While it may appear to our Legislature in the future to be more efficient to provide a defendant with a procedural device to question the constitutionality of a predicate misdemeanor conviction at this stage of a matter, it is simply not an appropriate exercise of this court’s power to create
*196 such a remedy where there exists an avenue of redress for the wrong claimed and by which the defendant may have his due process demands completely satisfied. (See Matter of Morhous v New York Supreme Ct., supra.) Since the defendant is bound to pursue his claims by way of writ of error coram nobis he must, when he is willing and able, bring his arguments to the forum provided by CPL 440.10, the section by which the writ is now codified.2 Finally, I must deal with defendant’s contention that Baldasar v Illinois (446 US 222, supra), especially as it is adopted by the courts in Dorn (105 Misc 2d 244, supra), Sirianni (109 Misc 2d 781, supra), and Solomon (113 Misc 2d 790, supra), establishes the defendant’s right to the relief he now seeks.
In Baldasar v Illinois (supra), the indigent petitioner was convicted of a misdemeanor, obtained without the assistance of appointed counsel, but, was punished only by a fine and a probation sentence. Thereafter, the misdemeanor conviction was used as the predicate for the prosecution and conviction of petitioner’s second offense, as a felony. The felony conviction actually resulted in an enhanced sentence of one to three years in prison: In its decision, the Baldasar court first reconfirmed the principle of its earlier decisions in Argersinger v Hamlin (407 US 25) and Scott v Illinois (440 US 367), that an uncounseled misdemeanor conviction is constitutionally valid if it does not actually result in incarceration of the offender. Upon the record before it, that court concluded, however, that such an apparently valid uncounseled misdemeanor conviction could not have been used to convert a newly committed misdemeanor into a felony which actually resulted in an enhanced sentence. Clearly, the majority of the court could not escape the conclusion that the enhanced felony sentence of the accused was attributable in some measure to his earlier uncounseled misdemeanor conviction. That conviction, Justice Marshall noted, was invalid under
*197 Scott v Illinois (supra) for the purpose of depriving petitioner of his liberty, whether in the first proceeding or in the second.It is clear, therefore, that the assumption made by the courts in Dorn (supra), Sirianni (supra), and Solomon (supra) that a presumptively valid uncounseled but unpunished misdemeanor conviction becomes unconstitutional and invalid if it simply enhances the grade of an offense and thereby increases the possible punishment for the offense, is not a safe one.
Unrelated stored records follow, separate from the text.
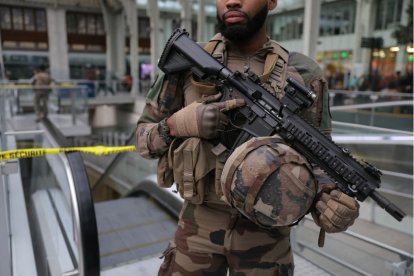 Un soldado francés monta guardia frente a un perímetro de seguridad tras un ataque con cuchillo en la estación de tren Gare de Lyon de París, un importante centro de viajes, el 3 de febrero de 2024.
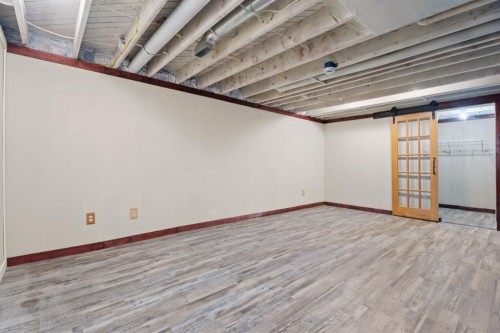 9408 5 Street Se, Calgary, AB - Indoor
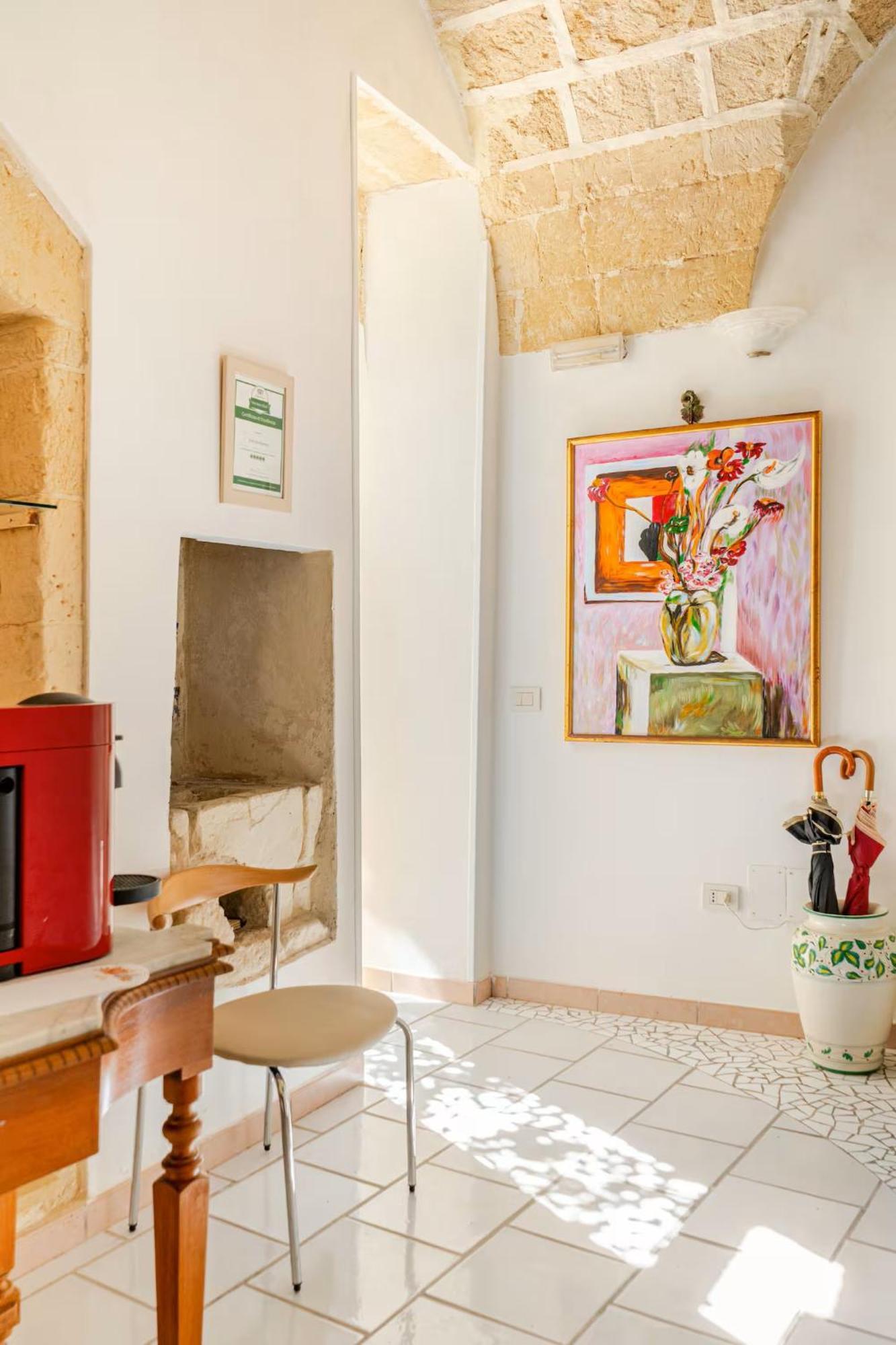 B&B Corte Dei Memoli Di Margiotta Giuseppina Lecce Eksteriør billede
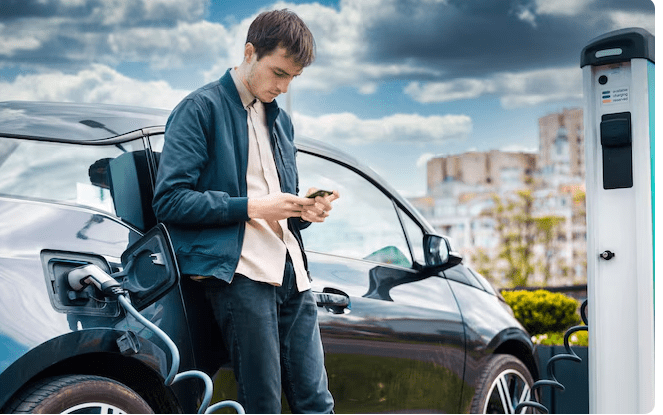 Cette startup lyonnaise révolutionne la recharge des véhicules électriques en 5 minutes 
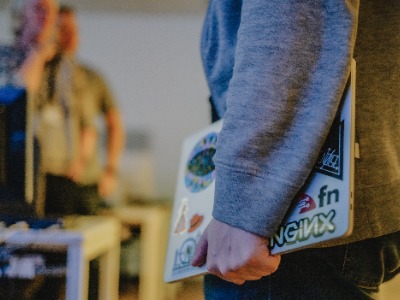 Mac med klistremerker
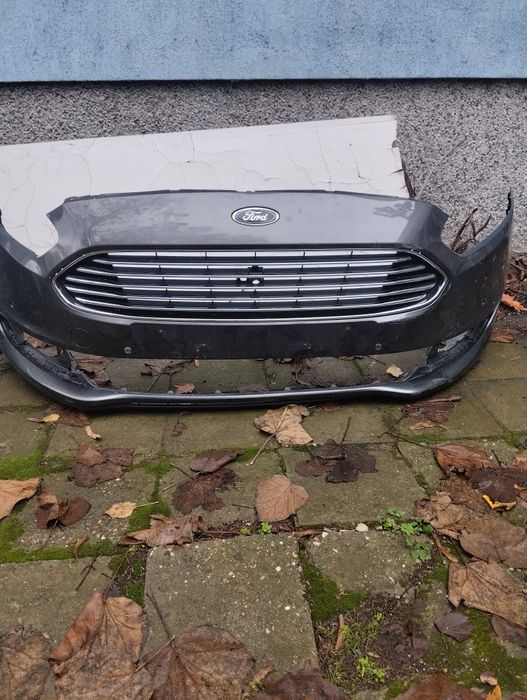 Предна броня от ford c max 2019 2021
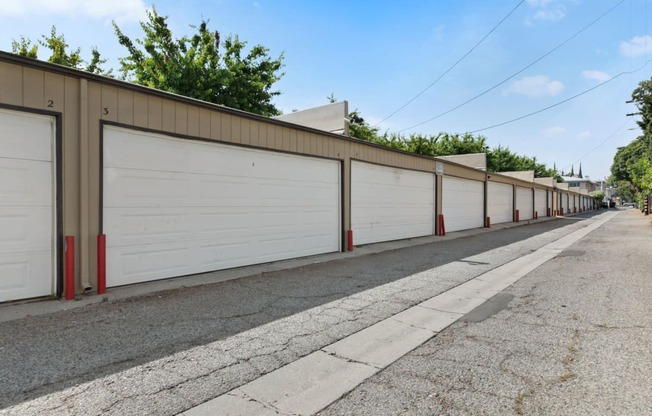 Apartments in Van Nuys , CA Garage Area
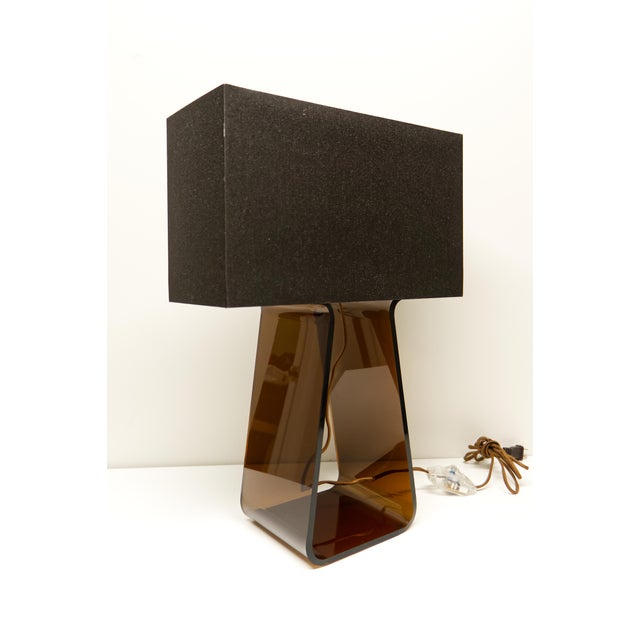 Contemporary Tube Top Acrylic Table Lamp in Brown by Peter Stathis for Pablo Designs For Sale - Image 3 of 9
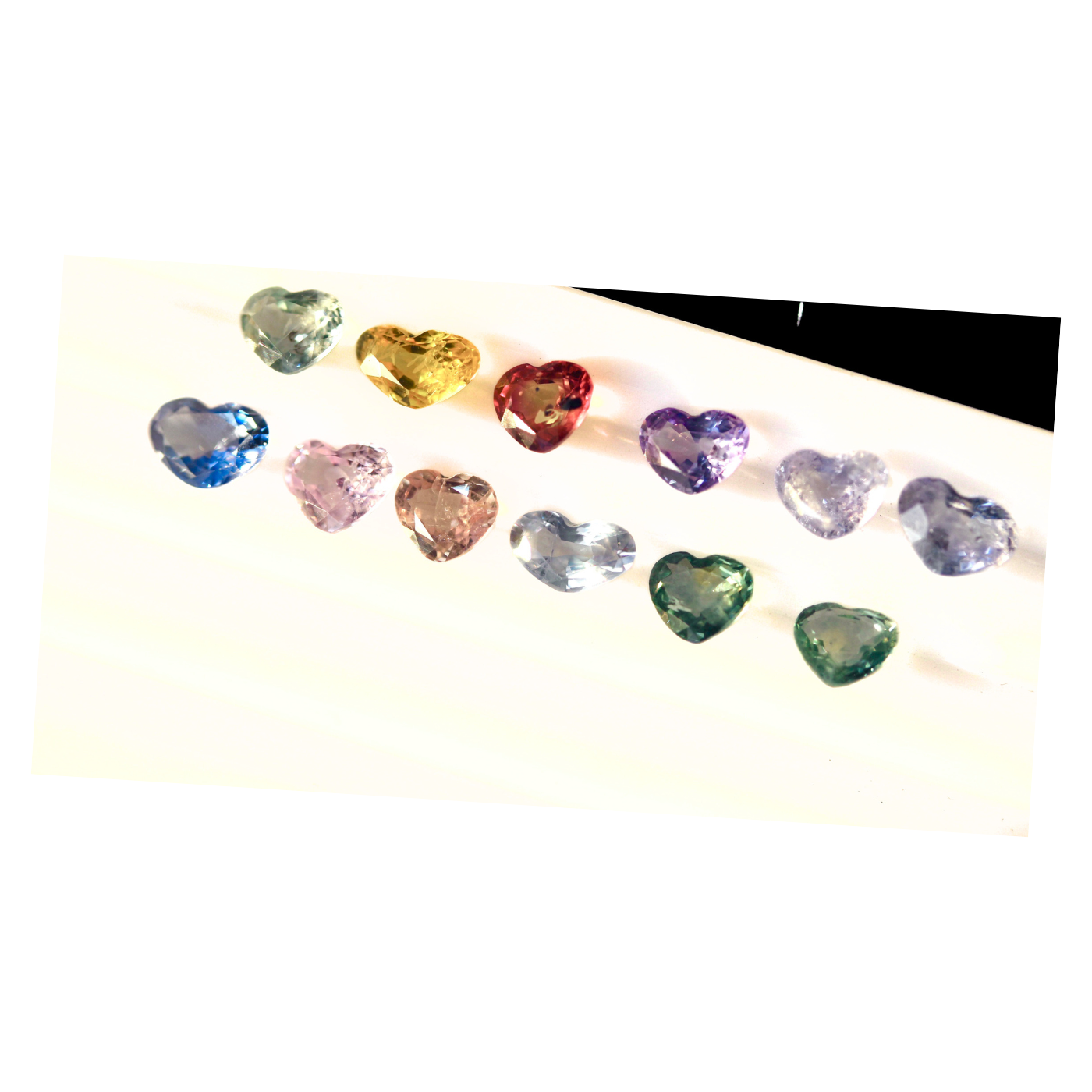 9.3 carats Natural Heart Shape Sapphires Deal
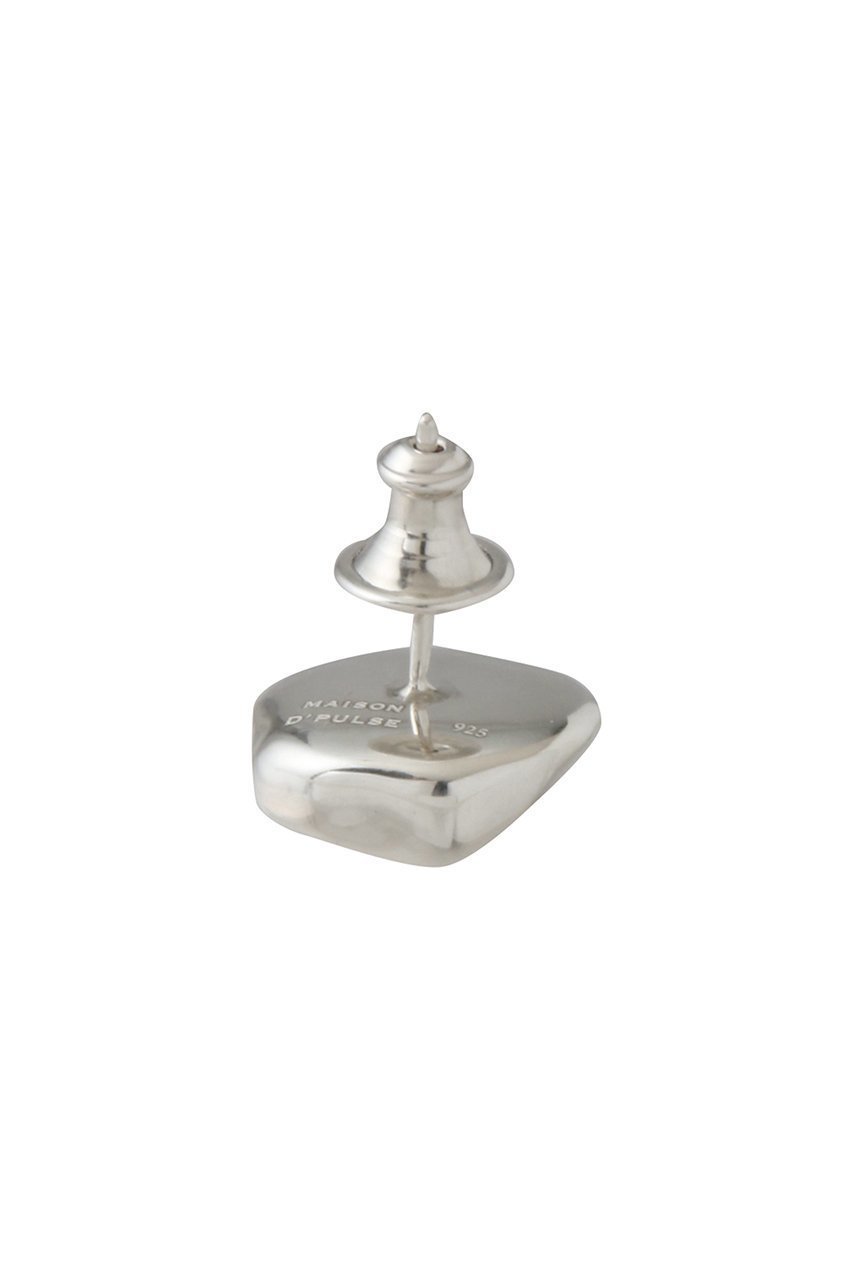 【メゾンドパルス/MAISON DPULSE】のShell flower ピアス 人気、トレンドファッション・服の通販 founy(ファニー) 　ファッション　Fashion　レディースファッション　Fashion for Women　ジュエリー　Jewelry　ファッションリング　Fashion Rings　イヤリング・フープ・ドロップタイプ　Hoop, Drop & Clip Earrings　イヤリング　Earrings　シルバー　Silver, Metallic Silver　バランス　Balance, Style Balance　フォルム　Silhouette, Form　フラワー　Flower, Floral　エレガント 上品　Elegant　新作・新入荷　New Arrivals / New In　other-4|ID: prp329100004782547 ipo3291000000034705397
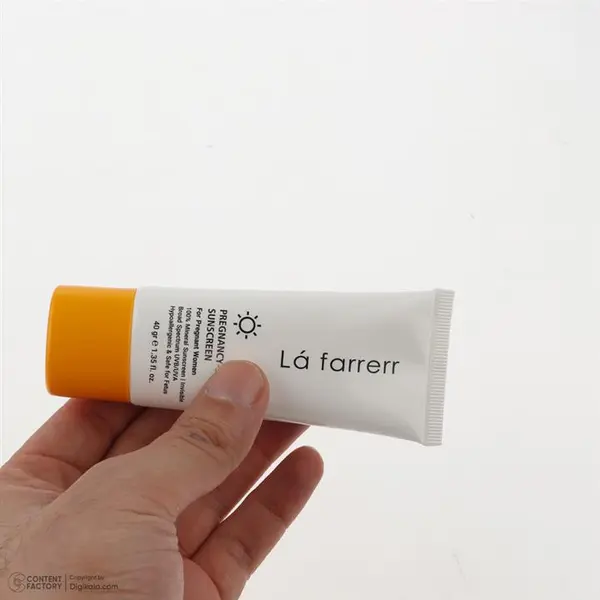کرم ضد آفتاب مینرال بی رنگ مناسب خانم‌های باردار SPF40 لافارر 40 میلLa farrerr Pregnancy Safe Invisible Sunscreen for Pregnant Women SPF40 ـ لافارر - 2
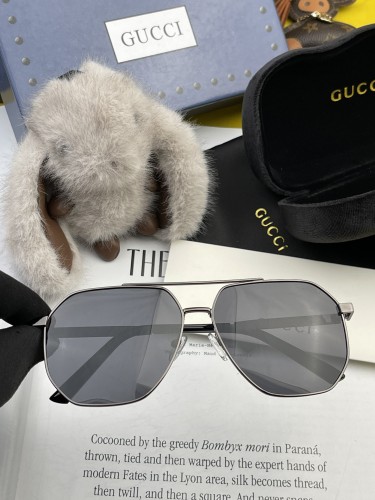 Gucci Fashion Unisex Polarized Sunglasses Polarized Toad Mirror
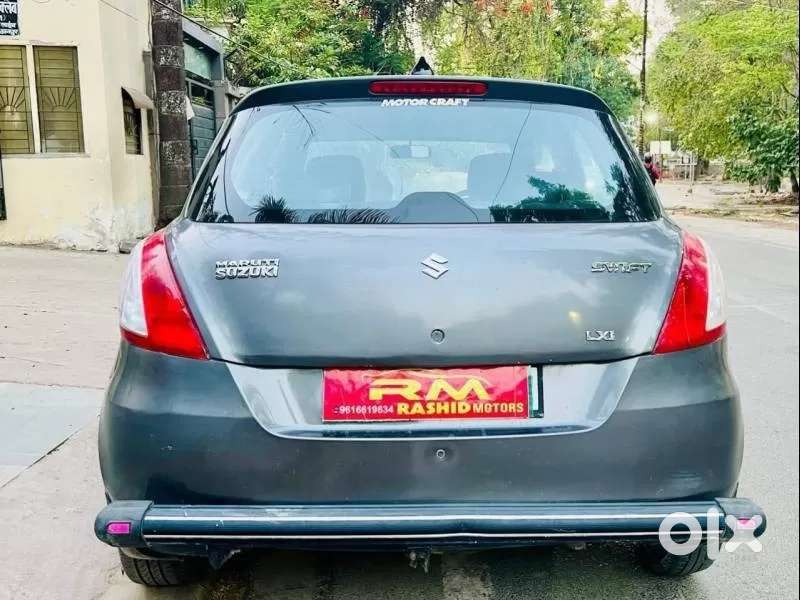 Maruti Suzuki Swift Lxi Optional-o, 2016, Petrol
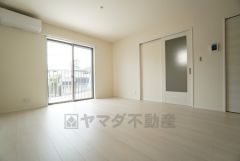 大きな掃き出し窓のあるリビングは、陽光あふれる明るい空間です。ゆったりと寛げる憩いの場となりそうです。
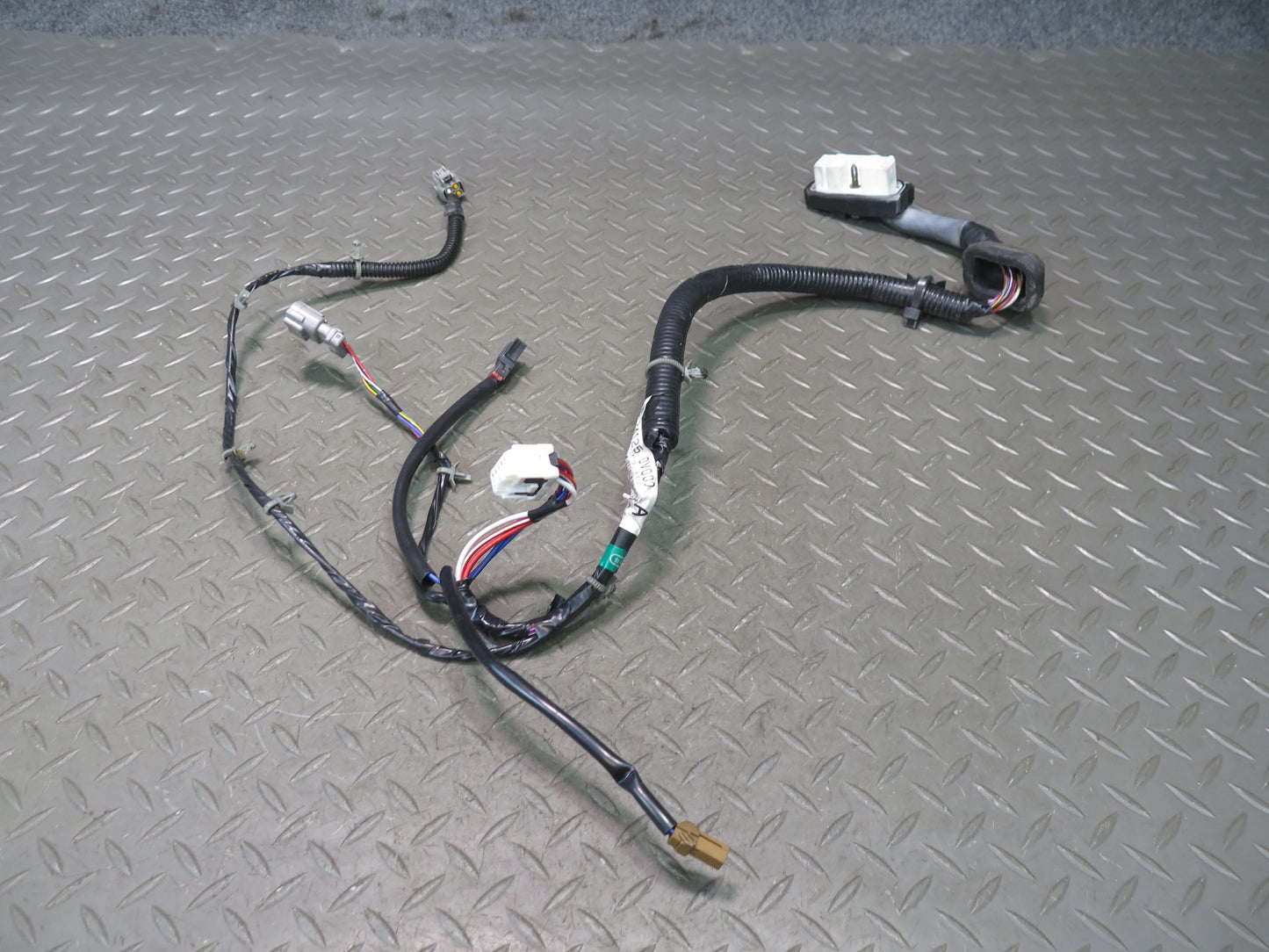 96-98 Nissan Stagea WGC34 Front Left Door Wire Wiring Harness 24125-0V000 OEM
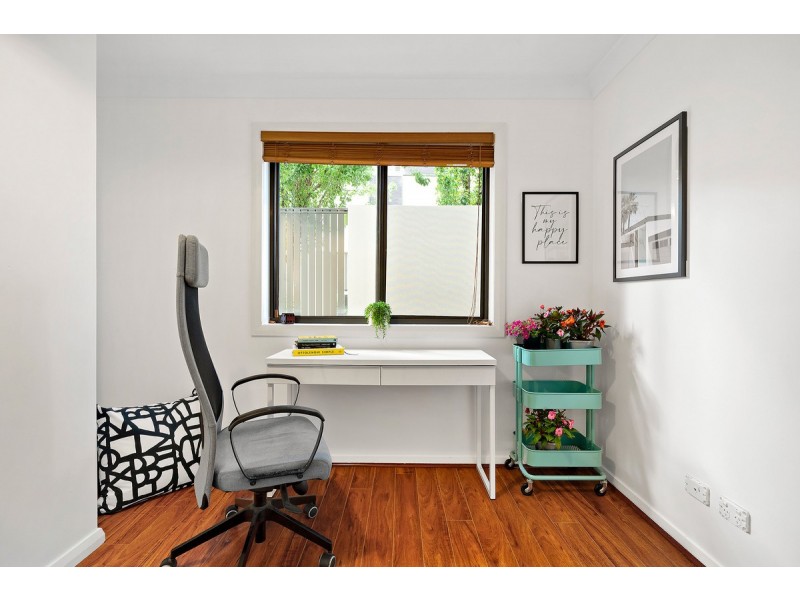 27/82 Henry Kendall Street, Franklin ACT 2913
Moreover, these courts fashion a remedy which they believe is needed to prevent the prosecution from immediately proceeding further upon the earlier questioned misdemeanor. In this, too, they purport to rely upon Baldasar (supra) and conclude that what that decision prohibits is not only enhancement of sentence upon the earlier questioned misdemeanor, but enhancement of the grade of the offense from misdemeanor to felony.
In fact, Baldasar (supra) states only that an enhanced prison term, actually imposed, will serve to resurrect a constitutional defect present in such an earlier misdemeanor conviction. (See People v White, 56 NY2d 110.) At no point does Baldasar (supra) suggest that the prosecution for a felony may not proceed predicated upon an unappealed and presumptively valid misdemeanor conviction. Implicit in the notion that constitutionality of the earlier conviction is measured by the resulting sentence is the assumption that prior to that sentence, the earlier misdemeanor stands valid for all other purposes.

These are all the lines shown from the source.